Three Centimetres, de Lara Zeidan
Three Centimetres, by Lara Zeidan

The Teddy Jury Award went to the Greek director Evangelia Kranioti for Obscuro Barroco, for being a “film that transports us to a city that is vibrant and surreal, a carnival of dreams and nightmares, seen through the eyes of its Queer icon. The director’s impressive singular vision attracts the audience with a remarkable cinematography and a great sound design, what makes the film an exceptionally poetic and intimate story, and an outstanding artistic achievement.”

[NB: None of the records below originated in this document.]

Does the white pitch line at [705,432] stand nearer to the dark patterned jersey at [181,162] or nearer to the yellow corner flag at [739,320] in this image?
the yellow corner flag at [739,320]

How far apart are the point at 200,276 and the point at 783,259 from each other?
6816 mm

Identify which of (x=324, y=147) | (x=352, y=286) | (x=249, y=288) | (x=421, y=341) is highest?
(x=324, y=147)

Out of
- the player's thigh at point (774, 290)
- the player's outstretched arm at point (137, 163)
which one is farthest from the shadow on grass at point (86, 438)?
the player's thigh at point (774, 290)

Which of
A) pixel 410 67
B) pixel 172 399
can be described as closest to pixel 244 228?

Obscuro Barroco, de Evangelia Kranioti 
Obscuro Barroco, by Evangelia Kranioti

The L’Oreal and the Mannschaft Readers’ Award were also awarded. The L’Oreal Award was given to Retablo, by Álvaro Delgado-Aparicio for being “an incredibly mature, moving and considered debut. This film moved each and every one of us, through its considered, expert and artistic cinematography, in its exquisite use of color, its cinematography, its composed direction and, in particular, the powerful and nuanced interpretations of this father -son relationship. This film perfectly relates the moment of realizing that his father is an imperfect human, the trauma that this brings and, ultimately, the acceptance of them as imperfect beings.” The Mannschaft Readers’ Award was handed to Las Herederas  by Marcelo Martinessi because the movie has a “visually stunning cinematography and an exceptional cast, and he guides his audience through the life of a woman who finds an avenue to love and for herself, despite all the problems and crises. He weaves her story gently and gives the characters the space they need to grow.”

 

Once again, Teddy awards films that speak to us, without concessions, about human richness through courageous and fresh cinematography.